Hal böyle olunca insan başka insana eziyet veremez. Şimdi Mevlana’nın kendi
İnsanın içinde ruh vardır. Bedenler ayrı ayrı görünebilirler ama ruhlar birbirine bağlıdır.
Bu konu da, İsa’ya ait tek renk kerametidir:
İsa’nın annesi onu okuldan alınca çırak olarak bir boyacının yanına bırakır. Bir süre sonra ustası onun alıştığını görünce: ‘Benim seyahate çıkmam lazım. Sana boyanacak elbiseleri bırakıyorum. Renklerini yanlarına yazdım. İnşallah, işini dikkatlice yaparsın” der. Usta yola çıkar çıkmaz İsa bütün elbiseleri tek bir küpe atar ve “Allah’ın lütfu ile hangi renk gerekiyorsa ona boyanın” der. Beş on gün sonra usta döner ve bütün elbiselerin tek küpte bulunduğunu görünce canı sıkılır ve “Eyvah! Elbiseleri mahvettin” deyince İsa elbiseleri istenen renklere göre küpten dışarıya çıkarır. Bunu gören usta iman getirir”.
“Öyle (olgunlaş) ki İsa’nın tek renkli küpü, çok renkli küpleri kırıp diğerlerini yok etsin. Zira öteki âlem tuz ocağı gibidir. İçine girdin mi tuzlaşıp bembeyaz, renksiz olursun.” (M VI 1855-)
Mevlana’nın ahlakı
- Hayvan sevgisi: Pervane’nin evinde hazırlanan yemeği köpek yedi ve talan etti. Mevlana köpeğin dövülmesini istemedi. (Eflaki, s.317-305)

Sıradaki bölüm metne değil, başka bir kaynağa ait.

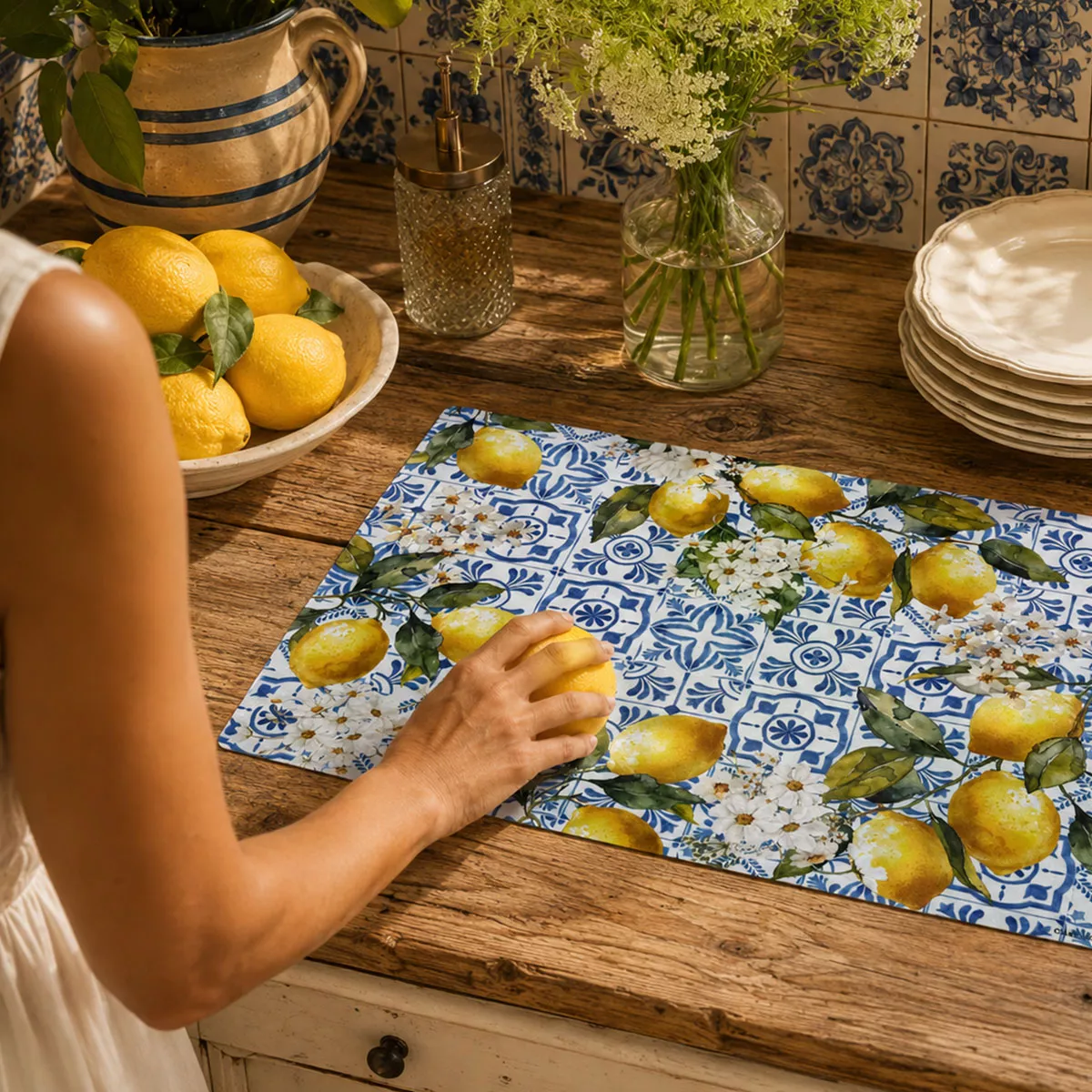Table set vinyl 860 gsm printed yellow blue Citrons azulejos bleu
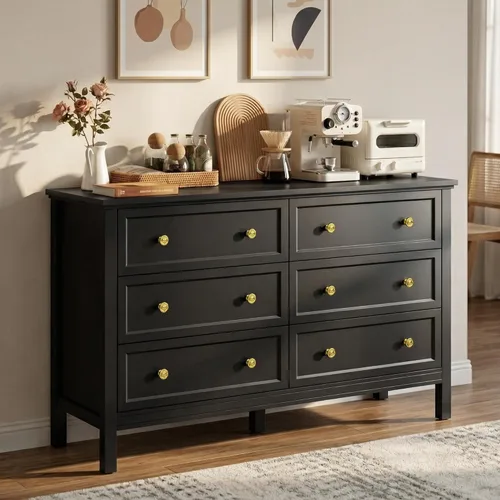 Vista 3 de LYNSOM Cómoda negra para dormitorio, cómoda de 6 cajones con cajón ancho y asas de metal, cómodas de madera y cajones para pasillo, entrada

- Benim öyle bir huyum var ki kimsenin incinmesini istemem. Mesela sema esnasında bazı kimseler bana çarpar ve bunun üzerine dostlarım onlara engel olurlar. Bu hoşuma gitmez. Yüz kere onlara dedim ki benim için kimseye bir şey söylemeyiniz. Ben çarpmalarına razıyım. (Fih-i Mafih, Metin No.88)
- Her dine sahip ona sadıktır (bağlıdır)
Her milletin ferdi ona âşık
Hıristiyanlar onu över dururlar
Yahudiler onu Hud gibi hoş gördüler
Hıristiyanlar ona o İsa’mız derler
Museviler ona Musa’mız derler.
(Veletname’ den s.121)Hud= Kuran’da adı geçen bir peygamber.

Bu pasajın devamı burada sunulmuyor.